Del resto, il regolamento delle pendenze territoriali appare contestuale al cambiamento del tenore generale dei rapporti sino-russi negli ultimi anni. Dopo esser state caratterizzate da un aspra rivalità durante la Guerra Fredda, le relazioni tra Mosca e Pechino sono sensibilmente migliorate negli anni della presidenza Putin, in quanto le due potenze hanno scoperto di condividere un cruciale obbiettivo di politica estera, ossia contrastare l'influenza americana a livello globale ed in Asia Centrale in particolare.

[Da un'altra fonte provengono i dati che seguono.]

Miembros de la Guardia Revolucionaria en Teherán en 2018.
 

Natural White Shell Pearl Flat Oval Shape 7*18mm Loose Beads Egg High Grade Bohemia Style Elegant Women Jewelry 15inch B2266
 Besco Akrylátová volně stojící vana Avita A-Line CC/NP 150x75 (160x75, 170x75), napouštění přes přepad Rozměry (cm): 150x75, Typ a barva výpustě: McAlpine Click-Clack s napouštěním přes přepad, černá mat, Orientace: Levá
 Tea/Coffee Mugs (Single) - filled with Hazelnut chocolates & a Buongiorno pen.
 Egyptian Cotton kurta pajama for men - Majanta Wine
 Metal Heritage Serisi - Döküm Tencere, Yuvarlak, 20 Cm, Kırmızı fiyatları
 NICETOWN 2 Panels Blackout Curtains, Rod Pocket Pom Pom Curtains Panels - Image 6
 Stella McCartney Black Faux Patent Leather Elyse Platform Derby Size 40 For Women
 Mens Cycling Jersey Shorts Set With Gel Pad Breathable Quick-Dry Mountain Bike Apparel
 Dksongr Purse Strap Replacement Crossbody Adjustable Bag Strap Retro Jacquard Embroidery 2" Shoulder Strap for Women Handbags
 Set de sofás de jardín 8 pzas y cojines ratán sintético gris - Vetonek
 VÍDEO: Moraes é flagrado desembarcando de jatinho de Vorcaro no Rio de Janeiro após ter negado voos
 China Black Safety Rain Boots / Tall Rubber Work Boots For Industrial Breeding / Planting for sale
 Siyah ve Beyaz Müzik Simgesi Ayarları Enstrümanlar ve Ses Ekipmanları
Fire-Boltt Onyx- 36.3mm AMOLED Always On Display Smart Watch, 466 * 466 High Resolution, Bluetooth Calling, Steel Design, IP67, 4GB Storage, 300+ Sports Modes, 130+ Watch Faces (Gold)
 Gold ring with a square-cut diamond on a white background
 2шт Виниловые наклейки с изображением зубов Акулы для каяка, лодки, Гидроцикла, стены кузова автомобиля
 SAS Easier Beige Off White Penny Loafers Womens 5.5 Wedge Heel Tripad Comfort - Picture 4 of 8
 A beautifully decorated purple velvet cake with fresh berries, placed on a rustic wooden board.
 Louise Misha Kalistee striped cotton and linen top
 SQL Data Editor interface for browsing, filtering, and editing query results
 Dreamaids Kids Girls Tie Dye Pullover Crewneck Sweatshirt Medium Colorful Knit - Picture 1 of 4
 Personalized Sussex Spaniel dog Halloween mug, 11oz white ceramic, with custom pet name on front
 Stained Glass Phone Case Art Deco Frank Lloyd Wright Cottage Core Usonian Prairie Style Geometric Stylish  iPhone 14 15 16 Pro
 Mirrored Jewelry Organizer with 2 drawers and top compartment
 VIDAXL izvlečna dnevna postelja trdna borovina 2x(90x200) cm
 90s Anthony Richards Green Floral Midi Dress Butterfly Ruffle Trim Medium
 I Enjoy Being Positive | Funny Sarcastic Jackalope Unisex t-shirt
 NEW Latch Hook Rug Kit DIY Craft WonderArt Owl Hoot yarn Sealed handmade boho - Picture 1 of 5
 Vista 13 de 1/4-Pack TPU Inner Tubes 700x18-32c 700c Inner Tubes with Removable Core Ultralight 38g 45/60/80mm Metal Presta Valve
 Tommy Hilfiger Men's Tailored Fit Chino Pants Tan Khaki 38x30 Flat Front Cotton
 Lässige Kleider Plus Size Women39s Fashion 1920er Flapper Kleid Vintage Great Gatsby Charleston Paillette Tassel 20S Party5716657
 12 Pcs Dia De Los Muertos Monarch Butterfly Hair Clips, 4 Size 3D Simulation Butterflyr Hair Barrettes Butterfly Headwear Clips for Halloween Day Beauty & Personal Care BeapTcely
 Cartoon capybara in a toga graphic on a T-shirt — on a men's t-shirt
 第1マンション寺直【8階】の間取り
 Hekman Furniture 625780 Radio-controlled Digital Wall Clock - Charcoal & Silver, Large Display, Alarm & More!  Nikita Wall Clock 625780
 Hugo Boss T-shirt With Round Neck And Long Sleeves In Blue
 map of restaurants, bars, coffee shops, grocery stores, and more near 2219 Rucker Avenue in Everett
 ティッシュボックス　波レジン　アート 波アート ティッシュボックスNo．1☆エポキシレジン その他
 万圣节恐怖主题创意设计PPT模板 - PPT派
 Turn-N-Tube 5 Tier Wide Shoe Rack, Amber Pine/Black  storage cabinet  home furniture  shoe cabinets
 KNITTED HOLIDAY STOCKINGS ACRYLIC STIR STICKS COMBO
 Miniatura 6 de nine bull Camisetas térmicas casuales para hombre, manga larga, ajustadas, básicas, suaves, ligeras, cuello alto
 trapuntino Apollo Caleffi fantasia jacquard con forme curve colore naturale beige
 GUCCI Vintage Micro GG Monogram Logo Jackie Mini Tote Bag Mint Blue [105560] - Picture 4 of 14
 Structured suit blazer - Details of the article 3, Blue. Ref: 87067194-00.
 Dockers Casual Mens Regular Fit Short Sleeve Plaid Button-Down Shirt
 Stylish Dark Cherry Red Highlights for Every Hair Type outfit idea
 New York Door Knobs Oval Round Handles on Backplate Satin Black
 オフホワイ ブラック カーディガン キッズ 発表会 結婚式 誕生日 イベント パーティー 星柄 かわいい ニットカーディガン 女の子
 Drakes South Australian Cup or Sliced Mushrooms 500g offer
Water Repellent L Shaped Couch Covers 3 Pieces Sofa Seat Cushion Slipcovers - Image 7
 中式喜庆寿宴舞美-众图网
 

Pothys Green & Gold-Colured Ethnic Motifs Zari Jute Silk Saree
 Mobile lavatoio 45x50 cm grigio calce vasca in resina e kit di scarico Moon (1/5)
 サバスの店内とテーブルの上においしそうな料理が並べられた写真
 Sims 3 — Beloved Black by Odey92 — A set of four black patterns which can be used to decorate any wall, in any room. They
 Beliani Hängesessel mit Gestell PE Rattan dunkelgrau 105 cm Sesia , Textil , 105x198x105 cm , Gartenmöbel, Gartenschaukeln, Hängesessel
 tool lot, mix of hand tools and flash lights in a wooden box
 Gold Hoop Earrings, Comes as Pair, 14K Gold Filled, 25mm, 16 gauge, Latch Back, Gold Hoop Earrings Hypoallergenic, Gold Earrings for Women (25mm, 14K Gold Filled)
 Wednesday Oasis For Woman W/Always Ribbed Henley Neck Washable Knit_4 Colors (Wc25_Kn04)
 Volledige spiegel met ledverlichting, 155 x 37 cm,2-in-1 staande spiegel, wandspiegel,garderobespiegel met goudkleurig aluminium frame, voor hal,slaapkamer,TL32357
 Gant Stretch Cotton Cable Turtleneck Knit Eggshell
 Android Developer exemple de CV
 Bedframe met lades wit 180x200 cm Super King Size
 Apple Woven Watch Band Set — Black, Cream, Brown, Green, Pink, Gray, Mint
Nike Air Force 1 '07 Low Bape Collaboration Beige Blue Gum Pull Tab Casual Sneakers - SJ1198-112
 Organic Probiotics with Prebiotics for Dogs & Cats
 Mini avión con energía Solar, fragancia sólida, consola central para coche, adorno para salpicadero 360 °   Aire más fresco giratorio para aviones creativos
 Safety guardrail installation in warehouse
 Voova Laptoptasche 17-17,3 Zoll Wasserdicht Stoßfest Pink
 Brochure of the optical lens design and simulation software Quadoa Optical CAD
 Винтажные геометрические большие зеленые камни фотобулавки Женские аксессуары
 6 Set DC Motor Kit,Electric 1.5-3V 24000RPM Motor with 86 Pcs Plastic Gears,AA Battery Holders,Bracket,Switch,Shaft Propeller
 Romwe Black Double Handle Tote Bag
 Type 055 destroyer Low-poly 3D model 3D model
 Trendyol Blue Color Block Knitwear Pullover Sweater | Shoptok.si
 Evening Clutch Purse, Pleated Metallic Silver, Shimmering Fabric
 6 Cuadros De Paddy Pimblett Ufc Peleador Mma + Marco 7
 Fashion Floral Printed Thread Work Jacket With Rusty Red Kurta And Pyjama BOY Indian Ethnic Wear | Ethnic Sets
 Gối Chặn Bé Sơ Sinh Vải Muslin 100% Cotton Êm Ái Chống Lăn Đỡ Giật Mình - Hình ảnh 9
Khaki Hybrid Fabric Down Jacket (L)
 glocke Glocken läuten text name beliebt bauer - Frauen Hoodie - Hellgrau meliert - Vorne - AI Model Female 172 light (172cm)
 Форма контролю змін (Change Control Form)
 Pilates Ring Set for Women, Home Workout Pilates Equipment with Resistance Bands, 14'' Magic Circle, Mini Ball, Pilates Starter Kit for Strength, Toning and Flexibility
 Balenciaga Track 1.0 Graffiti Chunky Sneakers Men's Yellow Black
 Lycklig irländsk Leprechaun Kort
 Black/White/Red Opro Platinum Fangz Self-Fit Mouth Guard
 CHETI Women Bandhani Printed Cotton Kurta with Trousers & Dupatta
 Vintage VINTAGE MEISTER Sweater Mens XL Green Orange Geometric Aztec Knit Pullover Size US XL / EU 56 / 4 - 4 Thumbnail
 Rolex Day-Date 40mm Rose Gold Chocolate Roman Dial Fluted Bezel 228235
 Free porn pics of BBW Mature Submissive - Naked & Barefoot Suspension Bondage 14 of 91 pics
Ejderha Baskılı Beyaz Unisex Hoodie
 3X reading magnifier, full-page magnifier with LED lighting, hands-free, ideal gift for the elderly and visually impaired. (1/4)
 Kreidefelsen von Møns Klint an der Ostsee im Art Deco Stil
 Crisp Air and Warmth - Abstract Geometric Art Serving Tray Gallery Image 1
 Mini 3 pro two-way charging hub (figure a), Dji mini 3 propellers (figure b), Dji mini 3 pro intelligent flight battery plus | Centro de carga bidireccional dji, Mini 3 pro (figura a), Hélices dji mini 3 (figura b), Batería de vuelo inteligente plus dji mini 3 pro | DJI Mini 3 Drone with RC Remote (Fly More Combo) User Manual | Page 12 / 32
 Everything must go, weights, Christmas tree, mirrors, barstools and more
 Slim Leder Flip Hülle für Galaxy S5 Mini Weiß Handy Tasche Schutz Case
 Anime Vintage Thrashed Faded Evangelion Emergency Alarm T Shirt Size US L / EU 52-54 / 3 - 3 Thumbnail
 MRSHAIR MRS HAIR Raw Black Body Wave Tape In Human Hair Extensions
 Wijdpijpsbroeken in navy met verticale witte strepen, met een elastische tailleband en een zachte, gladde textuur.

In un commento per il Guardian, Max Hastings offre un'interpretazione realistica dell'evoluzione in atto, sottolineando come il grave vulnus del mondo occidentale verso la Russia sia l'incapacità di comprenderne sino in fondo le dinamiche interne. Molti analisti, politici e semplici osservatori continuano a ritenere che se vi fosse più democrazia la Russia sarebbe un paese migliore e meno ostile nei confronti di Washington e Bruxelles. Ma in realtà è proprio la democratica volontà popolare che rende forte la leadership di un uomo come Putin. Egli seguita a godere del supporto di una vastissima maggioranza della popolazione, proprio perché incarna le ambizioni ed il sentire profondo dei russi. Ambizioni difficilmente conciliabili con gli interessi a medio-lungo termine di Europa e Stati Uniti. Il cambio al vertice alla Casa Bianca non modificherà in alcuno modo lo stato delle cose. Anche se Barack Obama divenisse presidente, con la sua promessa di rottura con la stile dell'amministrazione Bush, è improbabile che l'epidermica ostilità dei russi verso l'America possa improvvisamente convertirsi in amicizia.

La speranza nella possibilità di cooperazione degli anni novanta, l'epoca della diplomazia dei sorrisi di eltsiniana memoria, deve ormai considerarsi definitivamente tramontata. Tutto ciò al quale si può aspirare ottimisticamente è una relazione costruttiva. Più realisticamente, si preparano decenni di tensione, come naturale conseguenza di interessi geostrategici divergenti. A dar forza a Mosca, la disponibilità di attori emergenti (la Cina in primis) pronti a condividere con il Cremlino l'obbiettivo di edificare un contrappeso politico, economico e strategico alla decadente superpotenza americana ed ai suoi ondivaghi alleati europei. Il progetto dell'asse Mosca-Pechino, corroborato da puntelli regionali come Caracas e, forse, Teheran e concepito per erodere la traballante egemonia globale degli Stati Uniti, appare minaccioso sin dalla sua fase embrionale ed ha la forza propulsiva per sovvertire rapidamente gli equilibri che reggono l'ordine mondiale dalla fine della Seconda Guerra mondiale.